My sami, czy jesteśmy świadomi obecności zwierząt, ich życia w harmonii z ziemią, między sobą ? Czy odczytujemy znaki przekazywane od nich ? Czy jesteśmy na nie gotowi i a jeżeli tak, czy będziemy wiedzieć co dalej z tym zrobić? Ktoś może zapytać się, jakie znaki ? A przecież znaki od zwierząt mogą być wszędzie, ukryte pod różną zasłoną. W autobusie, podczas rozmowy pomiędzy staruszkami, przebiegające gdzieś jakieś zwierzę, lecący ptak na niebie, ryba na bilbordzie, a nawet w snach się pojawiać. Znaki jakie od nich otrzymujemy są ważne, ale ważniejsze jest, jak odczytujemy i mamy nastawienie do nich. Dla jednych koń może być przecież symbolem ciężkiej pracy, zwierzęcia w polu, dla innych dumą i poruszającym się pięknem z niedoścignioną wolnością i siłą. Dla jednych uśmiech który dajemy może być wielka radością, dla innych nic nie znaczącym grymasem twarzy. Dla jednych podanie ręki, może być największym darem życia, dla innych nic nie znaczącym gestem. Wartość jest względna i zależy od jej nastawienia i intencji. Nastawienie do zwierząt tez przecież może być różna, jak coś co się zabija i będzie stanowić główne danie na obiad lub zrozumienie, że tylko poprzez szacunek i wdzięczność do zwierząt możemy czerpać mądrość i moc od nich, które przecież są zaczerpnięte od naszych przodków i źródła.

Do książki można wracać wielokrotnie czytając tylko o tych Zwierzętach Mocy, z którymi czujemy największy rezonans i szczególną bliskość w danej chwili. Za każdym razem odkrywając w nich nową wiedzę lub usłyszeć małą wskazówkę.

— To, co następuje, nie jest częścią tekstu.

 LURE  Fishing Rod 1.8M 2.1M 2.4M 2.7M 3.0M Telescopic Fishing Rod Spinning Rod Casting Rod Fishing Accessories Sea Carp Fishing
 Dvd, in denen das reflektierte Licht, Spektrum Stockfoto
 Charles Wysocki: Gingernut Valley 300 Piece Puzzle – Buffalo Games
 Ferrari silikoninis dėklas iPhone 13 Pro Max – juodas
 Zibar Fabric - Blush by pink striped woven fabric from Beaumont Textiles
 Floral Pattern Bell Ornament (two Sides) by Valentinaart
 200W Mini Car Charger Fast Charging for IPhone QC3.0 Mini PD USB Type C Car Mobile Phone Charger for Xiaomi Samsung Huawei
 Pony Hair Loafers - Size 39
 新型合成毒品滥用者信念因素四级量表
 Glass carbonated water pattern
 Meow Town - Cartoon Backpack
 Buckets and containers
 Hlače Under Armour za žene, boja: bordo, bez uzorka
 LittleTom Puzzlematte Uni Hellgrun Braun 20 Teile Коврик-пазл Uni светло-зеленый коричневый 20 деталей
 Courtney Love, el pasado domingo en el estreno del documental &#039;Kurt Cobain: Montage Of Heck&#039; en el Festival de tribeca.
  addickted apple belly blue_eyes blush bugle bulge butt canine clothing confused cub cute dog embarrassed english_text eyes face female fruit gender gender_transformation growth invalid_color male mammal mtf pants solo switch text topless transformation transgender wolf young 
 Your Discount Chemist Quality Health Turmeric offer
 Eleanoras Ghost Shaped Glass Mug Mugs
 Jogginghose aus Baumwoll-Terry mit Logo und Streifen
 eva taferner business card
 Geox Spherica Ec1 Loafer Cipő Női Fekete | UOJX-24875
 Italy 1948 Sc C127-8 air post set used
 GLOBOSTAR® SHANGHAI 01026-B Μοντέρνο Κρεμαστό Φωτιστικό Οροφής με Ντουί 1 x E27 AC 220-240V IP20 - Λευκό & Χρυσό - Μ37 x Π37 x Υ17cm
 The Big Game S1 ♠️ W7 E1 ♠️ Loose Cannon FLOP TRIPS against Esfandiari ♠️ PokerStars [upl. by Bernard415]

Fragment np. opowiadający od Wilczycy:

Wilczyca symbolizuje również odwagę, by stanąć w obronie własnych ideałów. To ona daje Ci siłę, gdy w grupie ludzi, jako jedyna działasz szlachetnie. Z Wilczycą przy boku nie boisz się postawić tłumowi, postępujesz zgodnie ze swoim Sercem i Duszą, nie godząc się na krzywdzenie siebie, ani innych. To odwaga bycia sobą, niezależnie od opinii otoczenia. Wilk nie musi się łasić i prosić o względy, zna swoją wartość, jest niezależny. Docenia wolność jednostki, ponieważ wie, że wolny umysł, Dusza i ciało, są niezbędne, by iść własną drogą. Wolna wola jest dla niej świętością, której nie nagina do swoich potrzeb.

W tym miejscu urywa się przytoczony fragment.